BriMA: Bridged Modality Adaptation for Multi-Modal Continual Action Quality Assessment

Imagine you are a judge at a gymnastics competition. Your job is to watch a routine and give it a score based on how well the athlete performs. To do this perfectly, you usually rely on three things:

Video: Seeing the athlete move.
Audio: Hearing the music and the rhythm of their movements.
Text/Notes: Reading the official rules or commentary.

In a perfect world, you always have all three. But in the real world, things go wrong. Sometimes the camera glitches (no video), the microphone fails (no audio), or the notes get lost (no text). This is called Modality Imbalance.

Even worse, these problems aren't static. Today the camera works but the audio is bad; tomorrow the audio is fine but the camera is broken. This is Non-Stationary Imbalance.

The Problem: Why Old Judges Fail

Existing computer programs (AI) trained to judge these routines are like students who only studied for a test using a perfect textbook.

The "Forgetting" Problem: When you teach an AI a new routine (Task 2), it often forgets how to judge the old routine (Task 1). This is called "Catastrophic Forgetting."
The "Missing Data" Problem: If you feed the AI a video with no audio, it panics. It tries to guess the missing audio, but it usually guesses wrong, leading to a terrible score.
The "Drift" Problem: As the AI learns new things, its internal "rules" for scoring shift. A routine that used to get a 15 might suddenly get a 12 just because the AI's perspective changed, even if the performance was the same.

The Solution: BriMA (The Smart, Adaptable Judge)

The paper introduces BriMA (Bridged Modality Adaptation). Think of BriMA not as a rigid robot, but as a seasoned, adaptable coach who has a special toolkit to handle chaos.

BriMA uses two main tricks to stay calm and accurate:

1. The "Memory Bridge" (Filling in the Gaps)

Imagine you are trying to guess what a song sounds like, but the audio track is missing.

Old AI: Tries to invent a completely new song from scratch. It often sounds nothing like the original.
BriMA: It looks at its Memory Bank. It says, "I remember a similar routine from last week where the audio was missing. I know what the music should sound like based on the video."
The Magic: Instead of inventing the whole song, BriMA only calculates the tiny difference (the "residual") needed to fix the missing piece. It's like a carpenter who doesn't rebuild the whole table when a leg is broken; they just carve a perfect new leg to fit the existing table. This keeps the score accurate and consistent.

2. The "Smart Replay" (Learning Without Forgetting)

When a student studies for a new exam, they shouldn't just throw away their old notes.

Old AI: Replays old data randomly, like flipping through a textbook at random pages. It might waste time on easy examples and miss the hard ones.
BriMA: It acts like a strict tutor.
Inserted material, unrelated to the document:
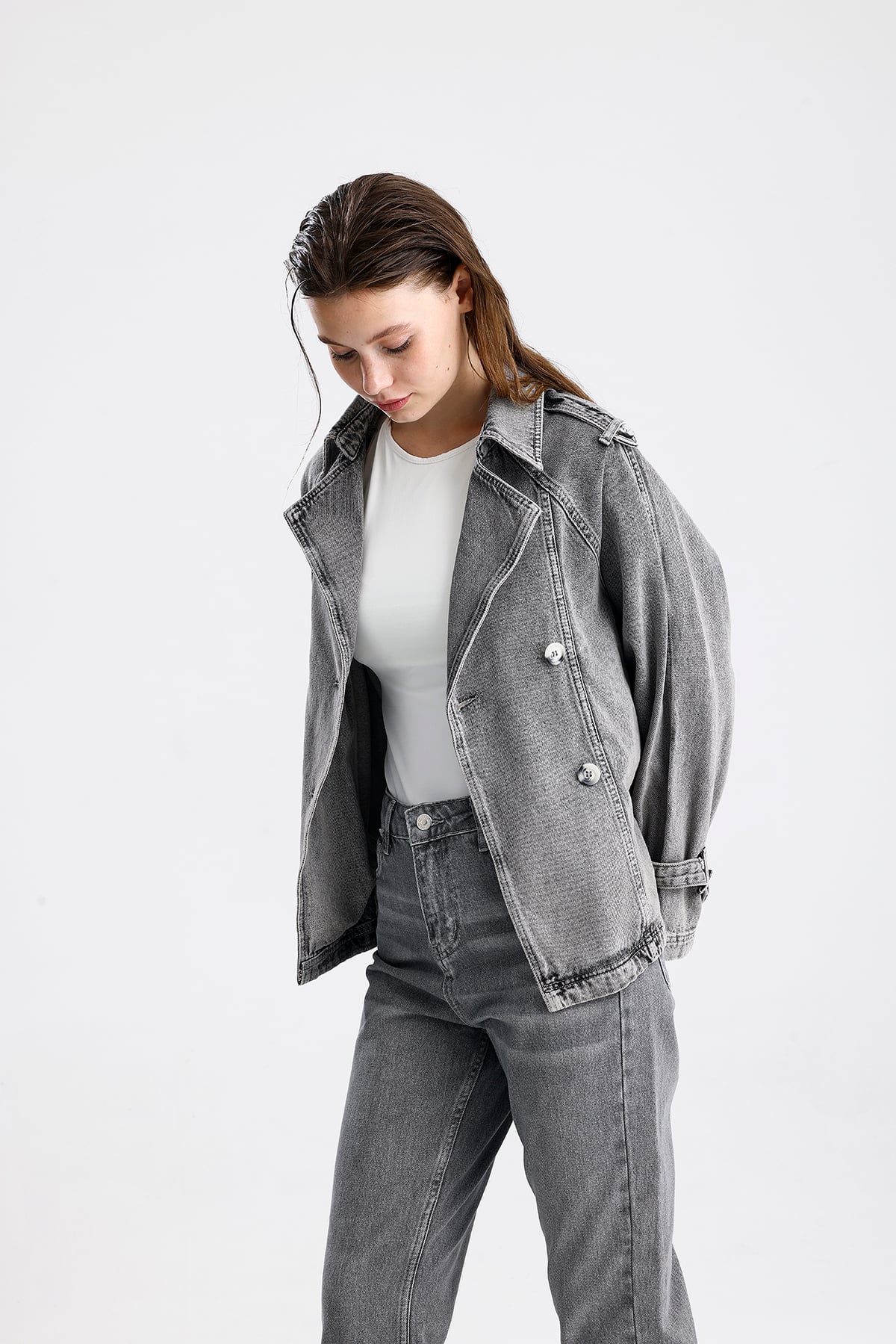Gri Oversize Kemerli Denim Ceket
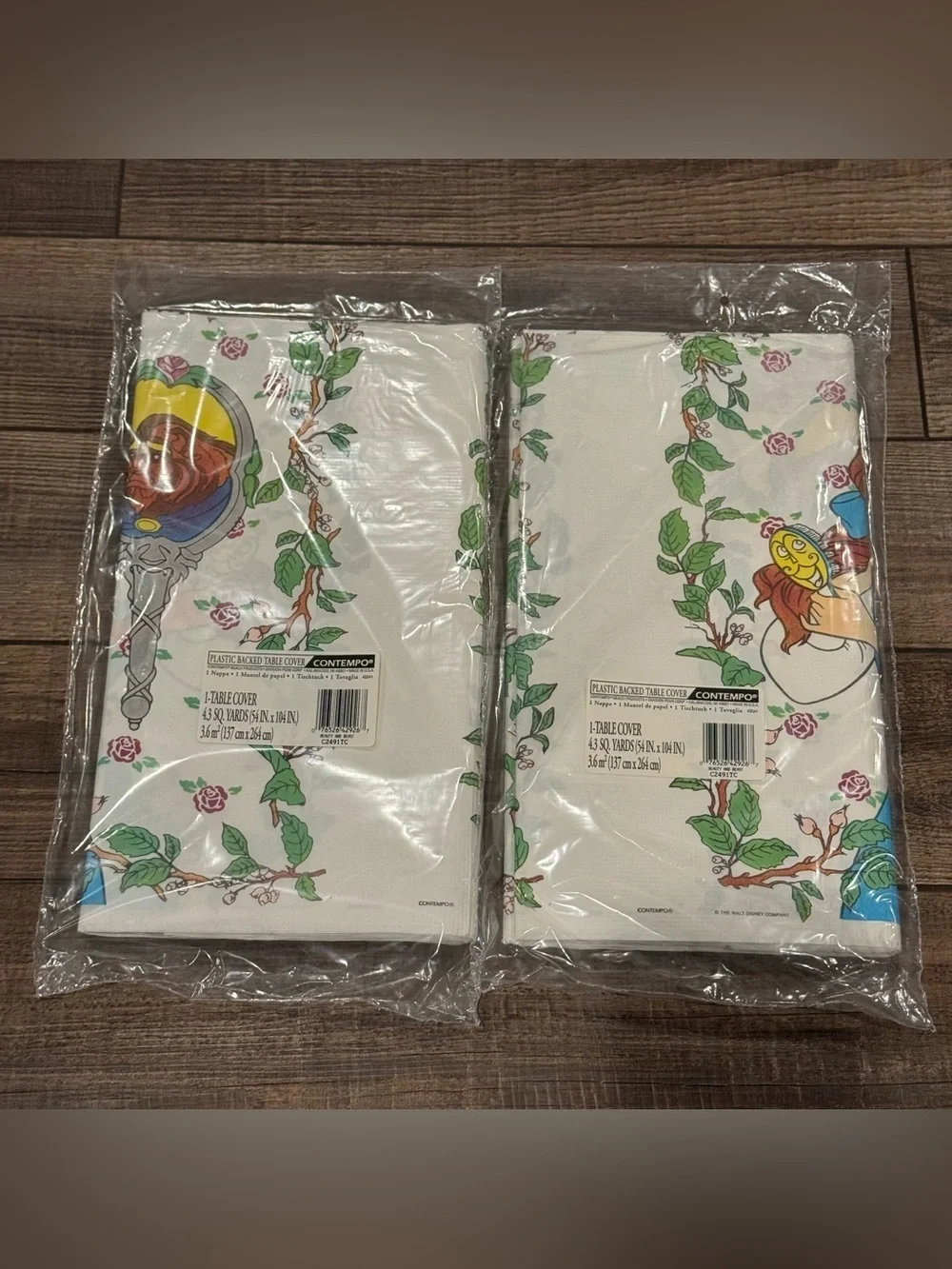 Vintage 90s Beauty & the Beast party paper table cover tablecloth Made USA Lot 2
It looks at its memory bank and asks:
- "Which old examples did I get wrong because the data was messy?"
- "Which examples am I likely to forget?"
- "Which examples are most important to keep the scoring rules stable?"
It then prioritizes these specific examples for review. It's like a teacher saying, "We aren't reviewing the whole chapter; we are only reviewing the three problems you keep getting wrong." This ensures the AI doesn't forget the past while learning the future.

Why This Matters

The researchers tested BriMA on three different datasets (Rhythmic Gymnastics, Figure Skating, and a large skating dataset). They simulated a world where sensors fail randomly (10%, 25%, or even 50% of the time).

The Results:

Higher Accuracy: BriMA scored much closer to human judges than any other method, even when half the data was missing.
Less Forgetting: It remembered how to judge old routines while learning new ones.
Real-World Ready: This isn't just a lab experiment. It means we can build AI systems for sports, rehabilitation, and skill training that won't crash just because a camera flickers or a sensor disconnects.

The Bottom Line

BriMA is the difference between a robot that breaks when the lights go out, and a human expert who can still judge the performance by feeling the rhythm and remembering past experiences. It bridges the gap between "perfect data" and "messy reality," making AI scoring reliable for the real world.

1. Problem Definition

The paper addresses a critical gap in Action Quality Assessment (AQA), which aims to score the performance quality of human actions (e.g., in sports or rehabilitation). While multi-modal AQA (using video, audio, text, etc.) has shown promise, real-world deployment faces two simultaneous challenges that existing methods fail to handle:

Non-Stationary Modality Imbalance: In practical scenarios, sensor failures, frame drops, or annotation gaps cause modalities to become missing or intermittently available. Crucially, this missingness is non-stationary, meaning the pattern of missing data changes over time as new tasks are learned.
Continual Learning Constraints: Existing continual learning (CL) methods for AQA assume complete and stable modalities. When modalities are missing, standard CL methods suffer from catastrophic forgetting and representation drift.
The Core Conflict: Standard imputation techniques (zero-filling, retrieval, or generative synthesis) often distort the "scoring manifold." In AQA, subtle temporal cues determine the score; therefore, naive reconstruction introduces bias that breaks the ranking consistency essential for accurate scoring.

2. Methodology: BriMA

The authors propose BriMA (Bridged Modality Adaptation), a framework designed to stabilize multi-modal continual AQA under evolving modality imbalance. The core idea is to construct a stable bridging space that aligns missing modalities with shared task structures and memory, rather than attempting full feature synthesis.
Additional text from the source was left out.